[Material for this task Boundary: Start]

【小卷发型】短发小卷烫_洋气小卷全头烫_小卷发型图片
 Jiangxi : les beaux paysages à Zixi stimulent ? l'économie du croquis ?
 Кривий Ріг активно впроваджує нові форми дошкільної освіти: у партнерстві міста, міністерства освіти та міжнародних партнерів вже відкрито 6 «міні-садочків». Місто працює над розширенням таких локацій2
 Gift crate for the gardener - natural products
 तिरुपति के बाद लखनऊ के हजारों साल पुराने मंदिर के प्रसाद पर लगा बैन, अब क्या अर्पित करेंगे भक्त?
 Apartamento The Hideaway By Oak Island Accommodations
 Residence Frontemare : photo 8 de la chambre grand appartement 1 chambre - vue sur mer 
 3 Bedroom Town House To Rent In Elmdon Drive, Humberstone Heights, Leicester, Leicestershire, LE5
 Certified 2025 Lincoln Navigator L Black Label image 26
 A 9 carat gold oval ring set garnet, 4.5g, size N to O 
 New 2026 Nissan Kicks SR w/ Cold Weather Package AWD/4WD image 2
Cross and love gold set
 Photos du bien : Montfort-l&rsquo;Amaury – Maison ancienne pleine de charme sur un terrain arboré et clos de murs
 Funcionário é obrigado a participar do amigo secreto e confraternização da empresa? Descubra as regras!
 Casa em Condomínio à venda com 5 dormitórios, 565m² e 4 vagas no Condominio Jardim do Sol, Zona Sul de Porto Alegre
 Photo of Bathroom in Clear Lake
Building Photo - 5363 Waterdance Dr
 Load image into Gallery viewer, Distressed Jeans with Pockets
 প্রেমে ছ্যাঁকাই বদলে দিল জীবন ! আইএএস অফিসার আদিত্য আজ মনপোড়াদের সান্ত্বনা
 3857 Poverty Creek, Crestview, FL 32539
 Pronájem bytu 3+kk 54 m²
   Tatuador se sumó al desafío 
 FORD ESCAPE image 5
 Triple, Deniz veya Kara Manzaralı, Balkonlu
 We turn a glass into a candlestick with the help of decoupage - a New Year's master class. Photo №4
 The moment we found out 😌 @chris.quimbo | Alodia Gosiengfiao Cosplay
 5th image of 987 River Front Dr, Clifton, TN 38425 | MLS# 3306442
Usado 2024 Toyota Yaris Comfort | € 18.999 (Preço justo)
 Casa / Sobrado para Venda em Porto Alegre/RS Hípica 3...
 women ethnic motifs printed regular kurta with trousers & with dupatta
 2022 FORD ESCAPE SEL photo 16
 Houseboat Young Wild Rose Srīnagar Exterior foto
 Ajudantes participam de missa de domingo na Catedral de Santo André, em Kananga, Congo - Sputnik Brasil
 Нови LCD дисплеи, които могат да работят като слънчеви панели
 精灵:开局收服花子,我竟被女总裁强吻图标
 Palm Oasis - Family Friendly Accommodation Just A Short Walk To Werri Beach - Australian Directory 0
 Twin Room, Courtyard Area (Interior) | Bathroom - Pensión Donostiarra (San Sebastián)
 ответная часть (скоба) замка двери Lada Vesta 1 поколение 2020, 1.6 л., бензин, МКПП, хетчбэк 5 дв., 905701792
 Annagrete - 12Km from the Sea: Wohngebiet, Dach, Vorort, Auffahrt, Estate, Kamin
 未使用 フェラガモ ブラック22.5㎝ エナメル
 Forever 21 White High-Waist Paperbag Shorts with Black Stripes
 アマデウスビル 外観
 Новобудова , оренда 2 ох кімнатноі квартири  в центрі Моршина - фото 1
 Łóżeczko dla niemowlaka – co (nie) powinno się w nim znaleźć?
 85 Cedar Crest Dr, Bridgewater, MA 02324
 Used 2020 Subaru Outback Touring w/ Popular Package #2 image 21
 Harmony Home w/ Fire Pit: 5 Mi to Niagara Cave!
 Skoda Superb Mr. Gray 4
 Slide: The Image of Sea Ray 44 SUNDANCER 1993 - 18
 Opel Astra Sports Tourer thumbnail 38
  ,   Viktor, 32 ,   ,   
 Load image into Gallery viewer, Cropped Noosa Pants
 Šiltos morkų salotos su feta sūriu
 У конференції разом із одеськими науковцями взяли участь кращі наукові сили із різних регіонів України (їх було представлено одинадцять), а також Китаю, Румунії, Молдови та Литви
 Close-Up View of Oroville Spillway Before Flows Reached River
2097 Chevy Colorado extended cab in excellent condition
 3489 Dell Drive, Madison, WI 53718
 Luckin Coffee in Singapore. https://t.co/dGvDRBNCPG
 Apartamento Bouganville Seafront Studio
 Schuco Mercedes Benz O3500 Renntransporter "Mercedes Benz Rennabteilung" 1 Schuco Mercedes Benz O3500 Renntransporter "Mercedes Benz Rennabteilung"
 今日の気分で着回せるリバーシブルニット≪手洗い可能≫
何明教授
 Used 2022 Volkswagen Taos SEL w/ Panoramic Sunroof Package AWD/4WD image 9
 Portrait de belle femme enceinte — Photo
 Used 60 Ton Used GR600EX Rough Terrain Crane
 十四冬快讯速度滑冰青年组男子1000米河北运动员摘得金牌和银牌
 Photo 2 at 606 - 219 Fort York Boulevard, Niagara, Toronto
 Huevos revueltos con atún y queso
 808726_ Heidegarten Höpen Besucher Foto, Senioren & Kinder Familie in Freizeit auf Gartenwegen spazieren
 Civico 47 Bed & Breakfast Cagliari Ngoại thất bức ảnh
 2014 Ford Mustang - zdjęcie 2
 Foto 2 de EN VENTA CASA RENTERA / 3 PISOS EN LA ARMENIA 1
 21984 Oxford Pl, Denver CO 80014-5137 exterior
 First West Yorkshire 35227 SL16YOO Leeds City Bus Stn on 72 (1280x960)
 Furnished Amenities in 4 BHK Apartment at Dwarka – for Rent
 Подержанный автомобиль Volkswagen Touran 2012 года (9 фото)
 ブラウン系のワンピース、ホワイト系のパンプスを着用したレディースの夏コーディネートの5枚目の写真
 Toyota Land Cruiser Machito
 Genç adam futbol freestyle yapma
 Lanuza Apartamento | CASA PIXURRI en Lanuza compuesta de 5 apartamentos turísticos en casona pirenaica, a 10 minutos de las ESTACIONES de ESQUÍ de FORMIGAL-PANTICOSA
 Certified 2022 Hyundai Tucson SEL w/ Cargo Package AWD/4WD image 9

[Material for this task Boundary: End]

## [Task goal]
Above are some records; copy exactly the lines from the one with "Tatuador se sumó al desafío" through the one with "Новобудова , оренда", both included, and no others.

## [Result]
   Tatuador se sumó al desafío 
 FORD ESCAPE image 5
 Triple, Deniz veya Kara Manzaralı, Balkonlu
 We turn a glass into a candlestick with the help of decoupage - a New Year's master class. Photo №4
 The moment we found out 😌 @chris.quimbo | Alodia Gosiengfiao Cosplay
 5th image of 987 River Front Dr, Clifton, TN 38425 | MLS# 3306442
Usado 2024 Toyota Yaris Comfort | € 18.999 (Preço justo)
 Casa / Sobrado para Venda em Porto Alegre/RS Hípica 3...
 women ethnic motifs printed regular kurta with trousers & with dupatta
 2022 FORD ESCAPE SEL photo 16
 Houseboat Young Wild Rose Srīnagar Exterior foto
 Ajudantes participam de missa de domingo na Catedral de Santo André, em Kananga, Congo - Sputnik Brasil
 Нови LCD дисплеи, които могат да работят като слънчеви панели
 精灵:开局收服花子,我竟被女总裁强吻图标
 Palm Oasis - Family Friendly Accommodation Just A Short Walk To Werri Beach - Australian Directory 0
 Twin Room, Courtyard Area (Interior) | Bathroom - Pensión Donostiarra (San Sebastián)
 ответная часть (скоба) замка двери Lada Vesta 1 поколение 2020, 1.6 л., бензин, МКПП, хетчбэк 5 дв., 905701792
 Annagrete - 12Km from the Sea: Wohngebiet, Dach, Vorort, Auffahrt, Estate, Kamin
 未使用 フェラガモ ブラック22.5㎝ エナメル
 Forever 21 White High-Waist Paperbag Shorts with Black Stripes
 アマデウスビル 外観
 Новобудова , оренда 2 ох кімнатноі квартири  в центрі Моршина - фото 1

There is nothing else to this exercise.